▸ WORK INSTRUCTION
Leaving out the pictures, output the lines from the one that contains "2026 Porsche Macan 4 Electric" through the end of the material, exactly as they stand.

▸ INFORMATION PROVIDED
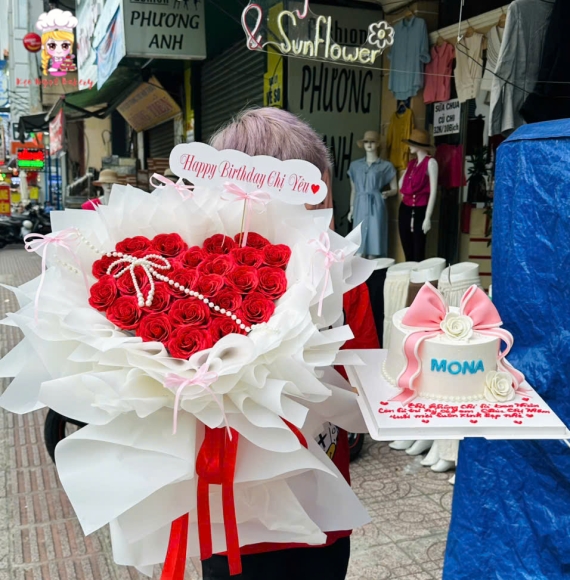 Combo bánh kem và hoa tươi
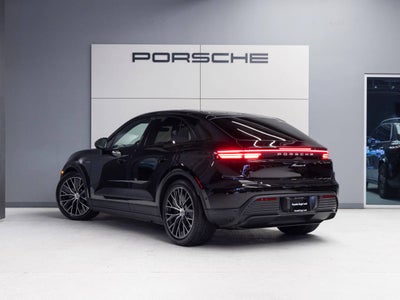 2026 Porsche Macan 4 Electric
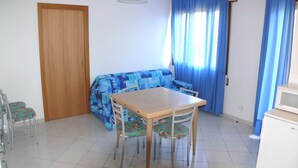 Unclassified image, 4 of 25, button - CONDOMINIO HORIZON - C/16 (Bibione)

▸ ANSWER AREA
 2026 Porsche Macan 4 Electric
 Unclassified image, 4 of 25, button - CONDOMINIO HORIZON - C/16 (Bibione)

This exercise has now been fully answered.